Shares of Mattel (MAT +0.68%) plunged on Wednesday after the toy manufacturer's fourth-quarter earnings fell short of investors' expectations.
By the close of trading, Mattel's stock price was down 25%.
Even toymakers have to pay tariffs. Image source: Getty Images.
Declining margins
Mattel's net sales rose 7% year over year to $1.8 billion. The gains were driven by growth in the company's Hot Wheels and action figure categories.
However, higher tariff-related costs dented Mattel's profitability. The toy seller found it challenging to pass on those costs to cash-strapped consumers via price hikes.
Worse still, the uncertainty surrounding the implementation and timing of tariffs disrupted Mattel's ordering processes.
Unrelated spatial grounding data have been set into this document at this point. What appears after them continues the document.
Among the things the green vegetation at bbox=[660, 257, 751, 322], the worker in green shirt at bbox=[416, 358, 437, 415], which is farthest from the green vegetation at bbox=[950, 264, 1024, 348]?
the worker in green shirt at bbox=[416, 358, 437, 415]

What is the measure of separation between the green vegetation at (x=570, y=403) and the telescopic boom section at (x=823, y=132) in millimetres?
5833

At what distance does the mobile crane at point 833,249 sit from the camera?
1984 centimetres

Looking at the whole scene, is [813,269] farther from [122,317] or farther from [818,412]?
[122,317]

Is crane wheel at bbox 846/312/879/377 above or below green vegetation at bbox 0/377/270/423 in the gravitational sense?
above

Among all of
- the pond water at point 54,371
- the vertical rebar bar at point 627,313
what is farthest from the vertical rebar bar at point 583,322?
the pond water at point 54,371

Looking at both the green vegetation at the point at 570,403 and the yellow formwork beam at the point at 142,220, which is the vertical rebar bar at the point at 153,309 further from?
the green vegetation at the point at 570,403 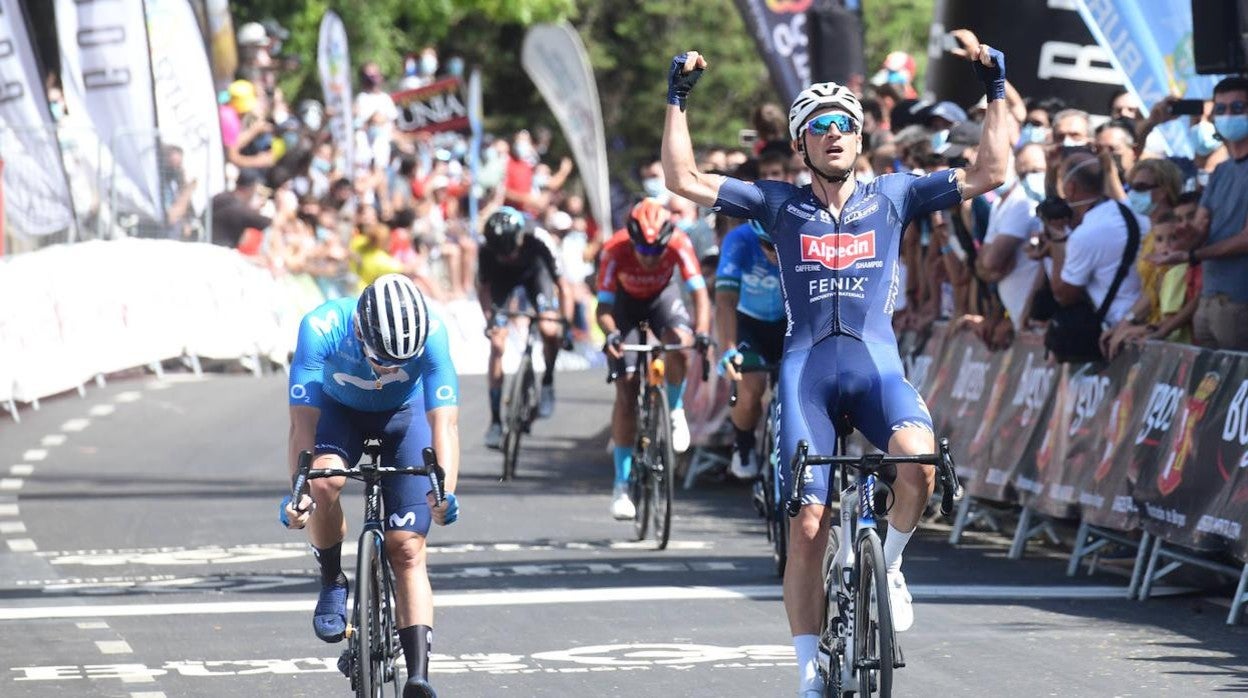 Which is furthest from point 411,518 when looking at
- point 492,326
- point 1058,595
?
point 492,326

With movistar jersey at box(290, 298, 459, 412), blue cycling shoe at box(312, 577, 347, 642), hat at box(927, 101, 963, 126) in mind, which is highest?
hat at box(927, 101, 963, 126)

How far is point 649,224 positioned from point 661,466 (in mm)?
1456

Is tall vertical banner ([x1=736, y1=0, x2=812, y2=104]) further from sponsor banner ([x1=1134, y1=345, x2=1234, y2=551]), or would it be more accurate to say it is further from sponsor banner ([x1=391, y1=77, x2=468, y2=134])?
sponsor banner ([x1=391, y1=77, x2=468, y2=134])

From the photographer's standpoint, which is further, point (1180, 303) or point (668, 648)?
point (1180, 303)

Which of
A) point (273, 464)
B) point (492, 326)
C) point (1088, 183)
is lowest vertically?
point (273, 464)

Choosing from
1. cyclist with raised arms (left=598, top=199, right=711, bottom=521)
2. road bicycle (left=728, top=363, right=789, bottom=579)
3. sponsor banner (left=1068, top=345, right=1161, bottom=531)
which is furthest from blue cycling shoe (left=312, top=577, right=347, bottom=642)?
cyclist with raised arms (left=598, top=199, right=711, bottom=521)

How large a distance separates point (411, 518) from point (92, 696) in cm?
170

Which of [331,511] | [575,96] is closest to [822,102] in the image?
[331,511]

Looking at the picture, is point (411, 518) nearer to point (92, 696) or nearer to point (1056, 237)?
point (92, 696)

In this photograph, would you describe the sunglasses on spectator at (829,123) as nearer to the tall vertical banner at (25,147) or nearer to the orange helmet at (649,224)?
the orange helmet at (649,224)

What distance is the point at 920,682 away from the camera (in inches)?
368

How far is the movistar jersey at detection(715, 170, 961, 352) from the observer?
8.41m

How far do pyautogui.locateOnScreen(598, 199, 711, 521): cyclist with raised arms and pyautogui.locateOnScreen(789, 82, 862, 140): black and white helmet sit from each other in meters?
5.89

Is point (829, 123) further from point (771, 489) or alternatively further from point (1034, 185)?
point (1034, 185) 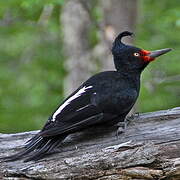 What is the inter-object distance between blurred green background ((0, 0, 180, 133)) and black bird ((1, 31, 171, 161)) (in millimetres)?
5541

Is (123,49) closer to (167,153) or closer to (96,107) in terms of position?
(96,107)

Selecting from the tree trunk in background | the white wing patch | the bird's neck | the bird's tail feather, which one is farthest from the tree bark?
the tree trunk in background

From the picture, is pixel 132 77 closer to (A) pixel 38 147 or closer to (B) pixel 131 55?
(B) pixel 131 55

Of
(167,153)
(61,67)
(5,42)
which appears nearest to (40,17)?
(61,67)

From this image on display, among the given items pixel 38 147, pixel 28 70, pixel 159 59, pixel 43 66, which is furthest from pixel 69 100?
pixel 28 70

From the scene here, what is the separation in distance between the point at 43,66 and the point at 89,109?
367 inches

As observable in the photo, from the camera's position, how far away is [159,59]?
43.8ft

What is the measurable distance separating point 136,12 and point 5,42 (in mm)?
7982

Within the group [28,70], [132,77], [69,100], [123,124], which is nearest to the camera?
[69,100]

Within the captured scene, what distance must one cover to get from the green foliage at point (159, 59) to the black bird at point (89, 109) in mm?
5697

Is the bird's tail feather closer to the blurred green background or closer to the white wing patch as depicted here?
the white wing patch

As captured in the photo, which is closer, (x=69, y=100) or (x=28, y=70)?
(x=69, y=100)

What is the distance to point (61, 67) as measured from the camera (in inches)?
557

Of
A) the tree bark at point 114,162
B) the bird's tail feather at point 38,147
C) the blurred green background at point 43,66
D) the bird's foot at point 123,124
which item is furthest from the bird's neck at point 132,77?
the blurred green background at point 43,66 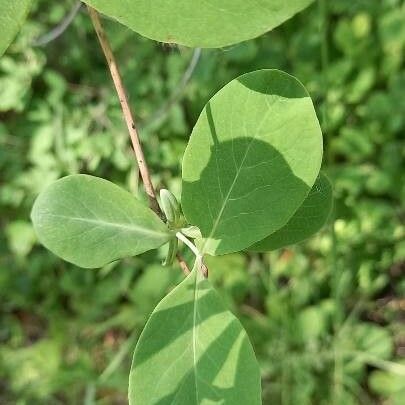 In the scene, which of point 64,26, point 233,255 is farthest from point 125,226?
point 233,255

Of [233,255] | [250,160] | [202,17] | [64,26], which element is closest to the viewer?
[202,17]

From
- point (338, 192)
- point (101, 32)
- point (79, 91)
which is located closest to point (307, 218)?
point (101, 32)

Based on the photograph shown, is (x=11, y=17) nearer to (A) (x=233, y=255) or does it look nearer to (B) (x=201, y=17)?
(B) (x=201, y=17)

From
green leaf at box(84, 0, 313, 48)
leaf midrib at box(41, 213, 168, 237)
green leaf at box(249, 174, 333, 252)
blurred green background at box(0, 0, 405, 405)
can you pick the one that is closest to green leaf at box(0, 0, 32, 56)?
green leaf at box(84, 0, 313, 48)

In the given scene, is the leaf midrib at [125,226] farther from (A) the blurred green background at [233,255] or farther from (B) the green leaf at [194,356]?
(A) the blurred green background at [233,255]

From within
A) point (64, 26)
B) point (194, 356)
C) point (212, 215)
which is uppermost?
point (64, 26)

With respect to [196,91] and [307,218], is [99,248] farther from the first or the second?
[196,91]

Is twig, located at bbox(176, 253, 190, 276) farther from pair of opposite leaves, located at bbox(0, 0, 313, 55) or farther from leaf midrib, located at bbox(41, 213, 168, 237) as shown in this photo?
pair of opposite leaves, located at bbox(0, 0, 313, 55) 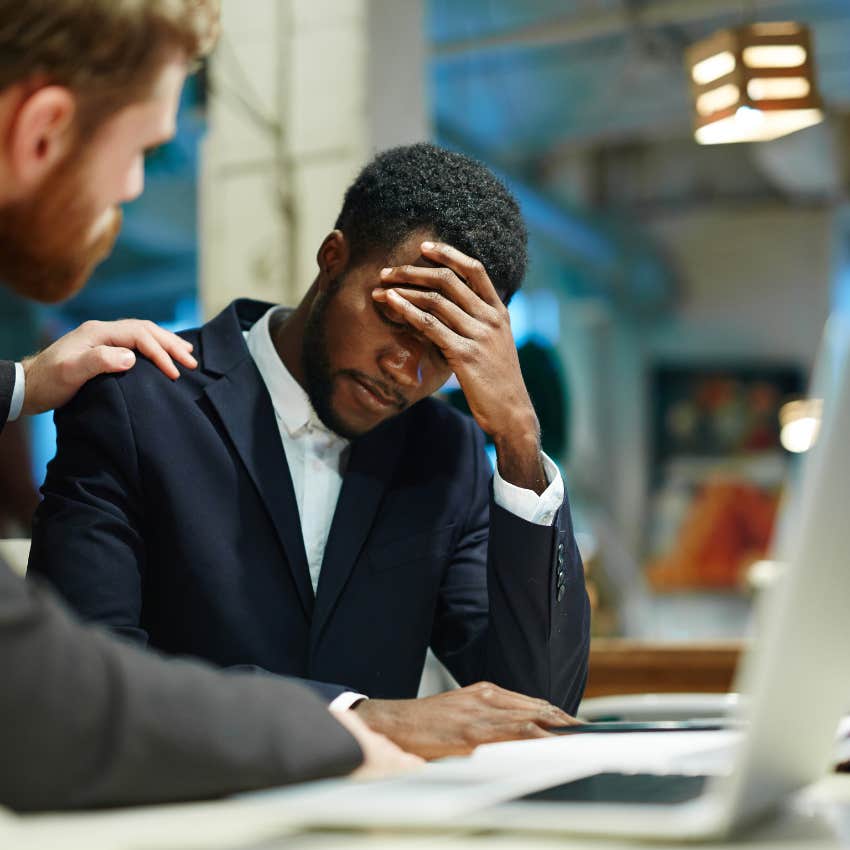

That made proper inventory management more difficult, which ultimately forced Mattel to offer discounts to clear excess inventory.
These factors drove a 4.8 percentage point decline in Mattel's gross margin to 45.9%.

NASDAQ: MAT
Key Data Points
All told, Mattel's net income decreased by $35 million to $106 million.
Moreover, the company's adjusted earnings per share of $0.39 came in well below Wall Street's estimates. Analysts had expected per-share profits of $0.55.
A concerning forecast
Looking ahead, Mattel expects sales growth of 3% to 6% in 2026. Yet management warned that the company's adjusted earnings per share could fall as much as 16%.
"We are making strategic investments that will impact the bottom line this year but are intended to accelerate growth in top and bottom lines in 2027 and beyond," CEO Ynon Kreiz said.